I can hardly recall watching Halloween the first time, but I distinctly remember leaving the theater. There was a line of kids and young adults waiting to get into the next show. "How was it?" several people excitedly asked. "GREAT! A CLASSIC!", I raved.

I knew I had witnessed horror history. I knew, in the way we know we love someone, or when we discover divinity, that Halloween was the best thing of its kind I would ever see.

Five years later A Nightmare on Elm Street was released. Advance praise was incredibly strong. "Better than Halloween!". I doubted that. I knew I would love A Nightmare on Elm Street, and I did and always will love it. It's no Halloween in my eyes. Then again, nothing is.

I was a whitebread suburban brat and the streets of Haddenfield were familiar to me. It wasn't so different than the manicured lawns of Newport News, Virginia, where I grew up. The kids in Halloween rang 100% true in my eyes. And yes, I felt that evil was a corporate presence waiting just out of eyeshot.

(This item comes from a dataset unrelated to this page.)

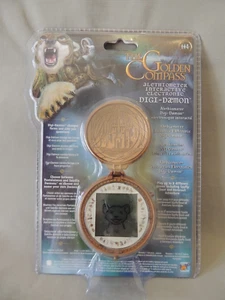 The Golden Compass Digi Daemon Aletiómetro Electrónico Interactivo - Imagen 1 de 9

I wouldn't have gotten along with the teens in Halloween. I was a gawky, awkward science fiction geek. I'm talking the kind who read Frederik Pohl, Harlan Ellison, Norman Spinrad, Philip Jose Farmer, and of course Heinlein, Clark, and Asimov. Had I been a typical fan of Trek, Wars, or Dr. Whom, I may have found like-minded friends. As it was I never met another real SF reader. My life may have turned out much differently if I had.

I still like the kids in Halloween. The bad girls were a little to fast for me, but Laurie Strode was perfect. Plain-pretty, if not beautiful. Smart, quiet, sensible, but not above indulging in the occasional joint.

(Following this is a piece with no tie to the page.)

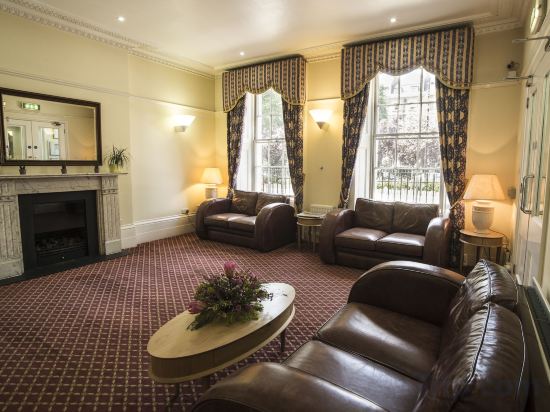 Фото The Darlington Hyde Park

Hell rained down upon the teenagers of Haddenfield, and Hell was never far from my life either. I left home at age sixteen, fleeing an abusive father. Terror was behind me and it was in front of me. I was in no way prepared to face adulthood.

I'm far from alone in that regard. Too many kids are raised in hostile situations. They get it at home, they get it in the neighborhood, and they get it in school. Bullies, sadistic authority figures, horror in the news. Is it any wonder so many kids love slasher movies? It's a way to face the dangers head on, safely, and process the feelings behind the fear. Plus they are a whole lot of fun. Cooler than sports, more exciting than arts and crafts, and a whole lot more rewarding than anything in classes.

Halloween shaped my life in innumerable ways. I've loved many, many horror movies before and since, but John Carpenter's masterpiece is the Gold Standard and all others fall short.

Subtlety. Mystery. Halloween is a very frightening movie, but so much is left to the imagination. That's why most of the sequels don't work. Michael is Laurie's brother? Get the fuck out of here. Too much explanation, too many convoluted storylines, only weaken the intrigue of Halloween.

I've lived forty-five Halloweens since I first watched the movie. I have seen it countless times. From the walk-in theater where I first beheld its marvels, to the drive-ins, TV airings, cable, VHS, DVD, 4K, and now a Blu-ray Clara and I watched just last night. It's been five years since the last time I've seen Halloween. The movie still holds me in its spell, and it's still scary.

My heart surges at the kids partying. Laurie's would-be romantic interest, Ben Tramer, is out drinking with a friend. Oh, to be a teenager with a couple of six packs of illicit beer. Cruising along and burning a number and almost getting caught. I even swoon over a sleepover and a scary black and white thriller on television.

I can only have one favorite movie. Nothing else comes close. Halloween changed the landscape of horror and it changed my life. Both of them for the better. Halloween helped me grow up and realize death was coming for us all. It also keeps the youth alive inside my heart.

The old theaters where I saw Halloween are gone. Movies now look like motion capture animation. Kids seem like an alien species. Just as we did to our stuffy, awful parents and teachers. The friends I originally watched it with are dead. Horror is no longer taboo. Halloween has been sequelized and requelized to death. The original movie still stands tall, the greatest horror movie ever made. I cannot imagine a world without it.